• What the task asks
Please print the line that holds "Sofa aksamitna z" and each line after it to the end of the data, word for word, without any pictures.

• Record extracts
·····

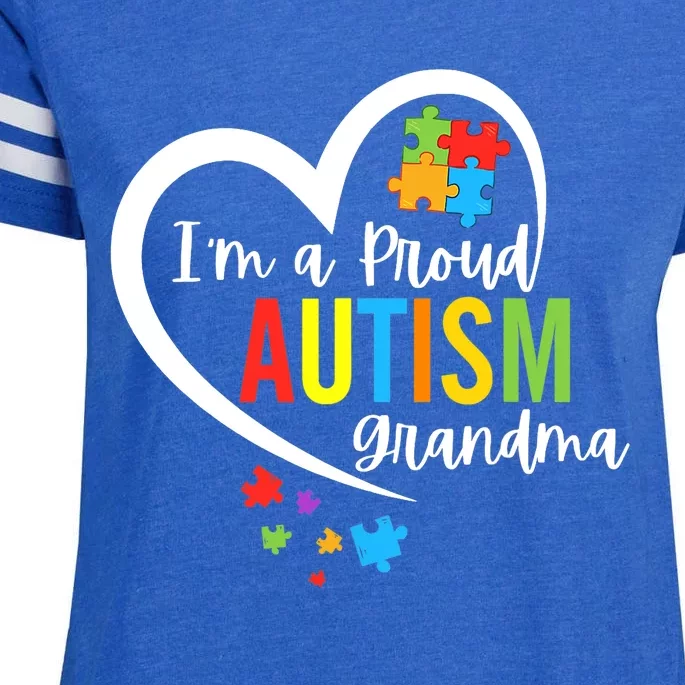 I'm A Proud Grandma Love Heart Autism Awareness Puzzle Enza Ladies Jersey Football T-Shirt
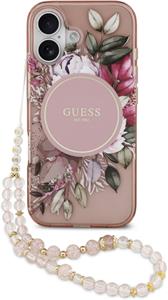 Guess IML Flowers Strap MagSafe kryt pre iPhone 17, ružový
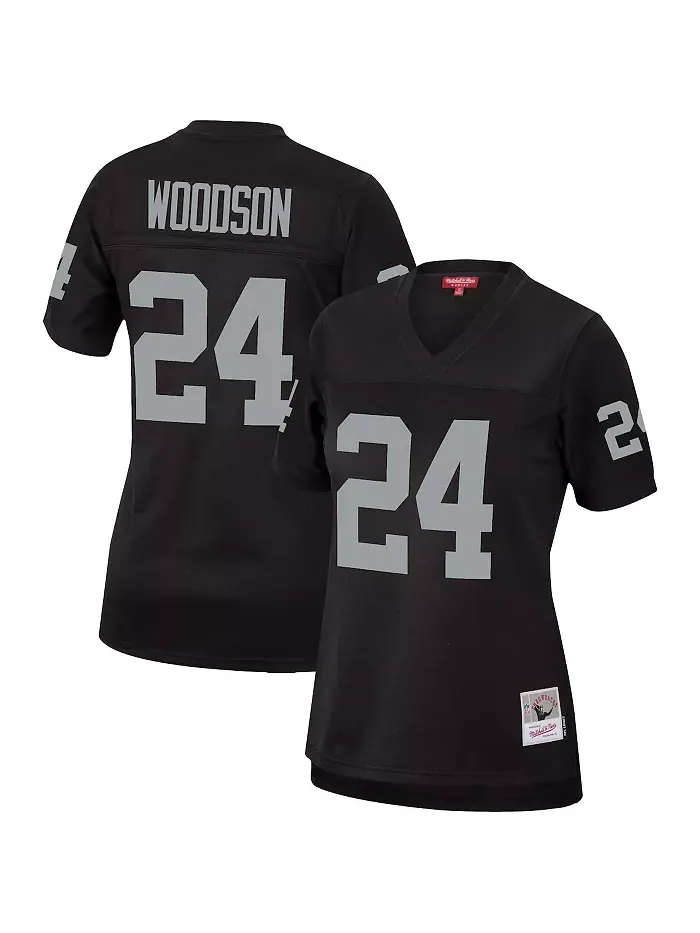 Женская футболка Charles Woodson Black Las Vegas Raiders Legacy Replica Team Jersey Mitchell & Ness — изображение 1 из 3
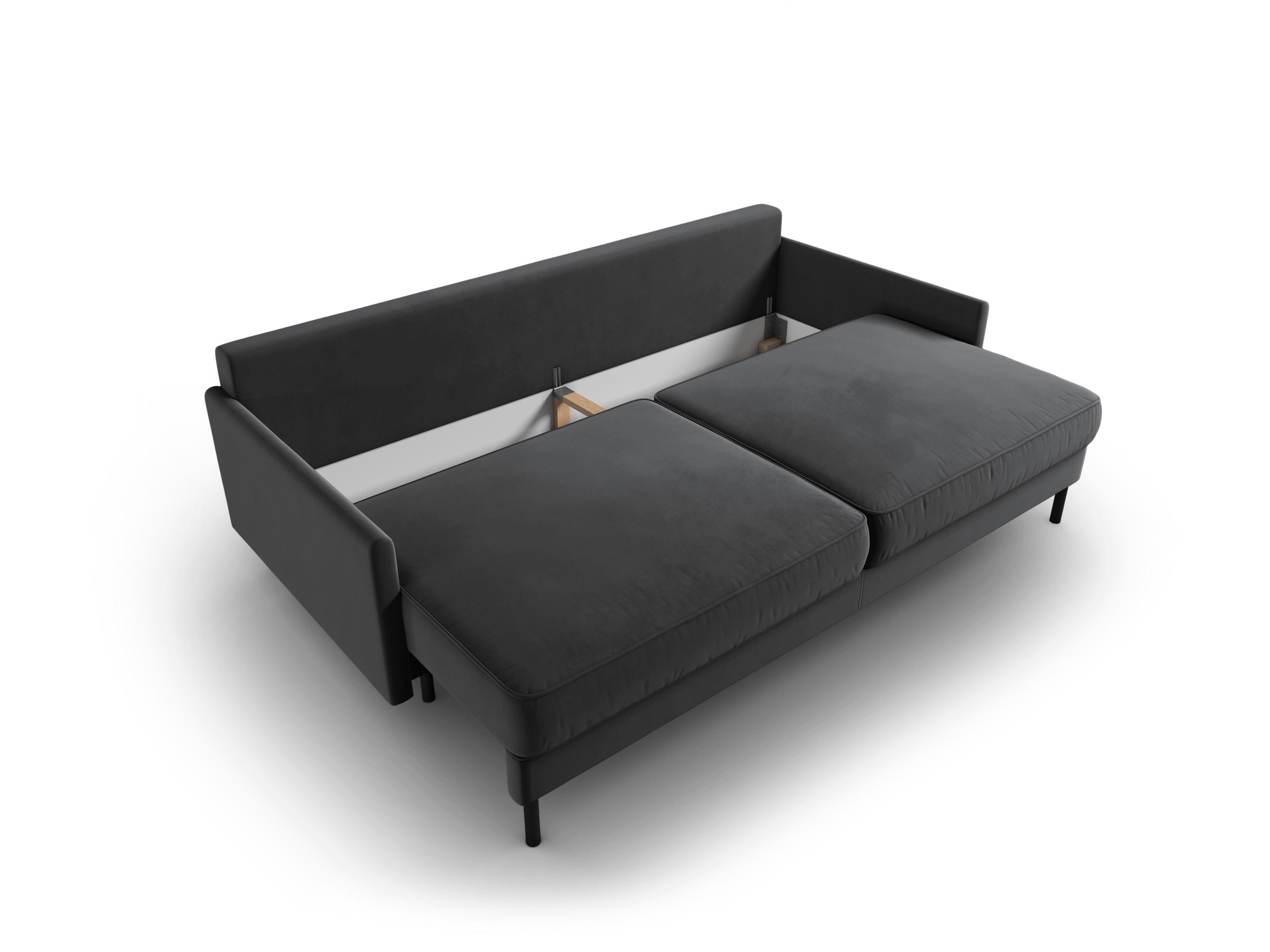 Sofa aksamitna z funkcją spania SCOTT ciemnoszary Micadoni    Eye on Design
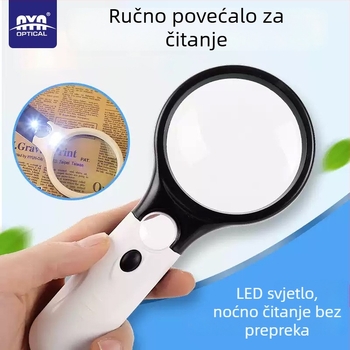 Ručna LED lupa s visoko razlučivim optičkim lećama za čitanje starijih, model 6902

·····

• Answer
 Sofa aksamitna z funkcją spania SCOTT ciemnoszary Micadoni    Eye on Design
 Ručna LED lupa s visoko razlučivim optičkim lećama za čitanje starijih, model 6902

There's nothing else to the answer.